No. 2 – Toronto Tempo
- Position: Small forward
- League: WNBA

Personal information
- Born: 22 September 1997 (age 28) Skuodas, Lithuania
- Listed height: 1.87 m (6 ft 2 in)
- Listed weight: 85 kg (187 lb)

Career information
- Playing career: 2012–present

Career history
- 2012–2015: Vilniaus Jaunieji talentai
- 2015–2018: Vilniaus Kibirkštis [lt]
- 2018–2020: AZS AJP Gorzów Wielkopolski
- 2020–2021: Valencia
- 2021–2022: Saint-Amand Hainaut Basket [fr]
- 2022–2023: Vilniaus Kibirkštis
- 2023–2024: Virtus Eirene Ragusa
- 2024: YTR Gayrimenkul Bodrum
- 2024–2025: BK Brno
- 2025–2026: Çukurova Basketbol
- 2026–present: Toronto Tempo
- 2026–present: Fenerbahçe

Career highlights
- 2× EuroCup champion (2021, 2026); LMKL All-Star; LMKL best youngest player (2015); LMKL MVP (2018);
- Stats at Basketball Reference

= Laura Juškaitė =

Lithuanian basketball player (born 1997)

Laura Juškaitė (born 22 September 1997) is a Lithuanian professional basketball player for Toronto Tempo of the WNBA and Fenerbahçe of the Turkish Super League and EuroLeague Women. She also plays for the Lithuania women's national basketball team.

==Career==
===Europe===
In 2012, Juškaitė started her career with Vilniaus Jaunieji talentai. In 2015, she signed a contract with Vilniaus Kibirkštis from LMKL. Her first club outside Lithuania was AZS AJP Gorzów Wielkopolski in Poland, where she played for two years. She won a silver medal in the 2018–19 season and bronze medal in 2019–20 season.

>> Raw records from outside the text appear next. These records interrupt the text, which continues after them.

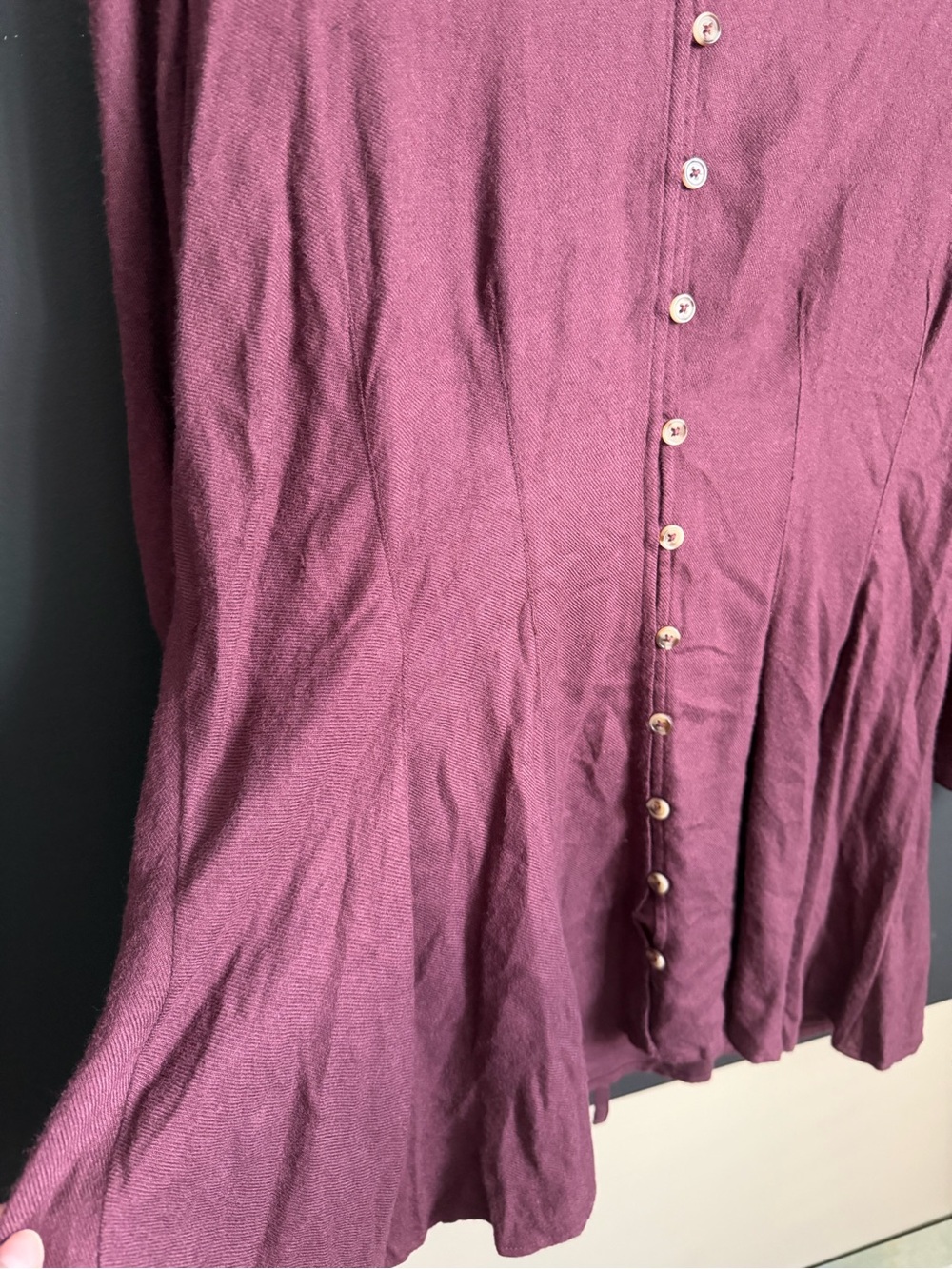 Torrid Burgundy Button-Front Blouse. NWT. 2X - Picture 4 of 6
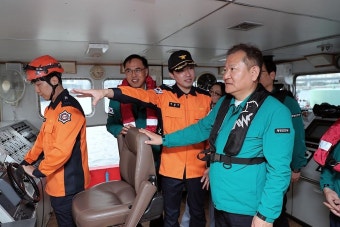 이상민 행안부 장관, ‘제18회 부산불꽃축제’ 안전관리 사전점검 - 사진 | 멀티미디어 | 대한민국 정책브리핑 이상민 행안부 장관, ‘제18회...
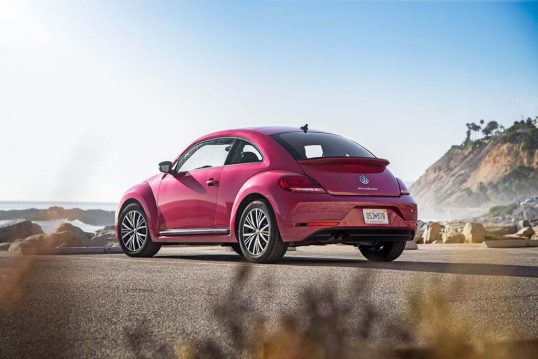 2017-volkswagen-pinkbeetle-rear-three-quarter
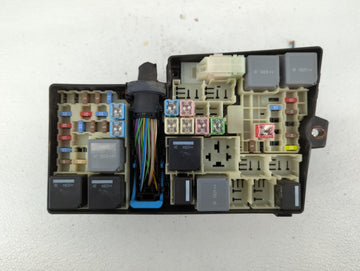 2013-2016 Ford Escape Fusebox Fuse Box Panel Relay Module P/N:AV6T-14A067-AC Fits Fits 2013 2014 2015 2016 OEM Used Auto Parts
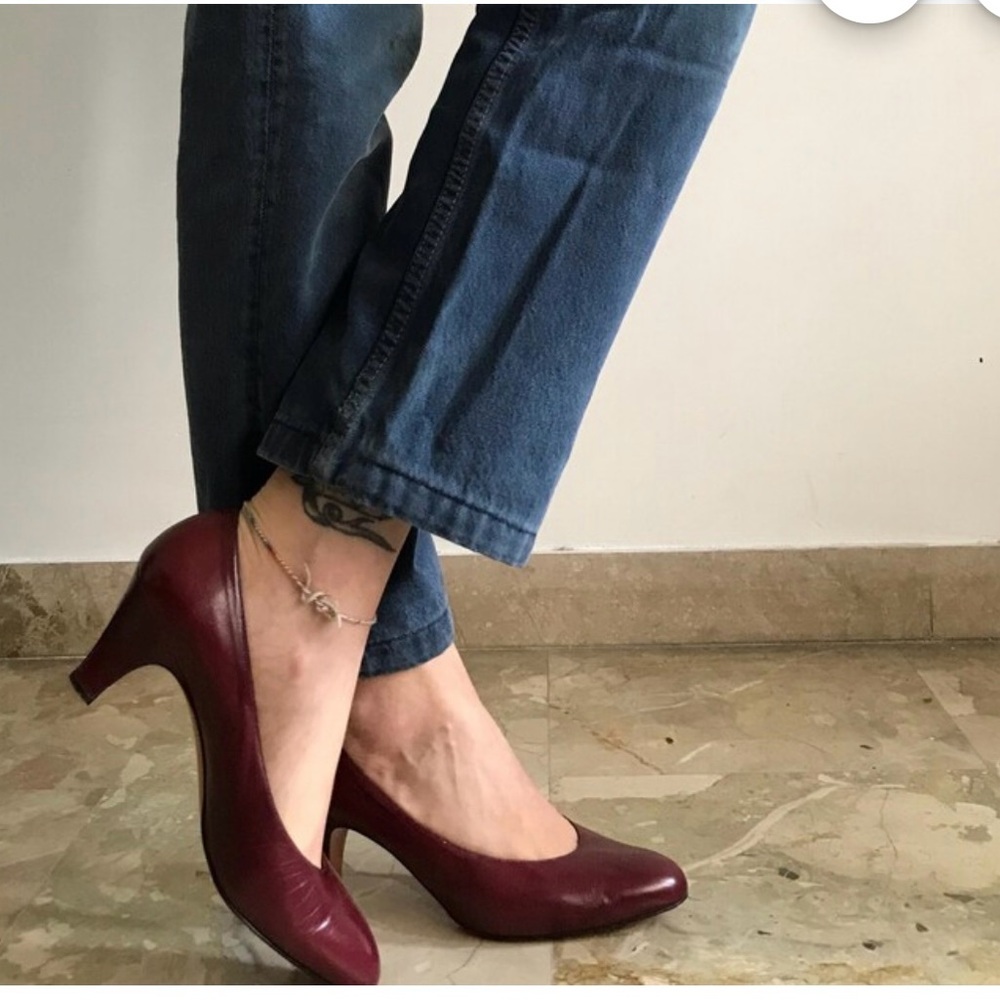 VINTAGE SALVATORE
FERRAGAMO MADE IN ITALY
LEATHER PUMPS HEELS 6C
Burgundy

After two seasons in Poland, Juškaitė signed a contract with Valencia of the Liga Femenina de Baloncesto and EuroCup Women.

On 10 September 2026, Juškaitė joined the Turkish powerhouse Fenerbahçe.

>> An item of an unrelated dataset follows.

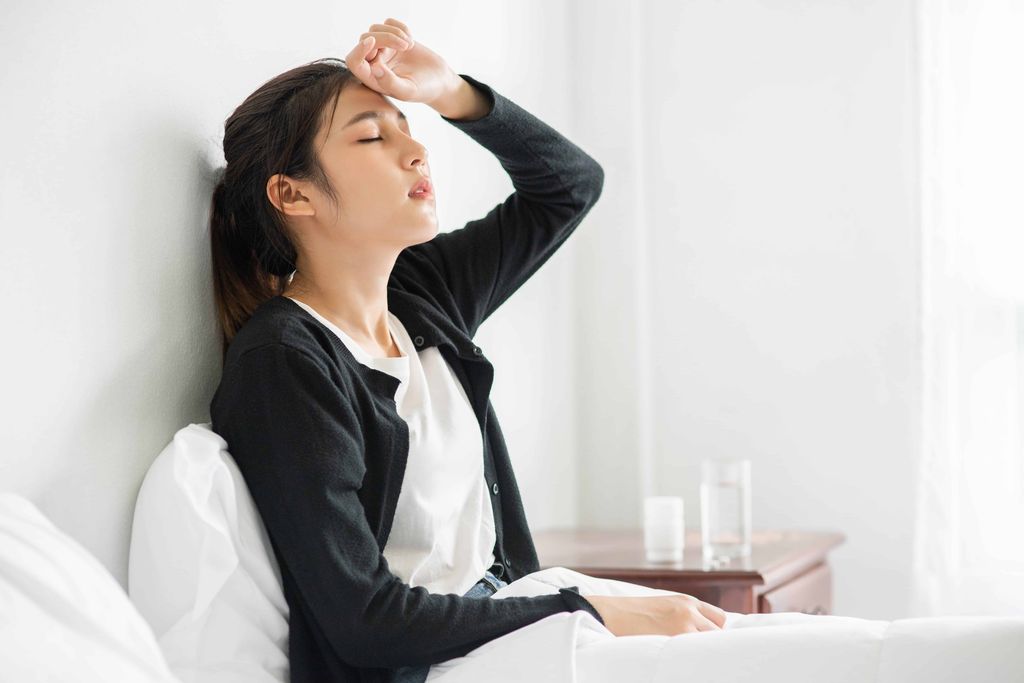 Minum es teh berlebihan setelah makan menyebabkan sakit kepala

===Toronto Tempo (WNBA)===
In April 2026, Juškaitė signed a training camp contract with the Toronto Tempo of the Women's National Basketball Association. In early May 2026, the Tempo extended the contract with Juškaitė beyond training camp.

On May 8, 2026, she made her debut for the Tempo, scoring six points, grabbing six rebounds, and recording one steal in a loss to the Washington Mystics. She became the third Lithuanian to play in the WNBA.

On Sept 20, 2026, she scored a career-high 28 points on 10-of-15 shooting in a loss to the New York Liberty.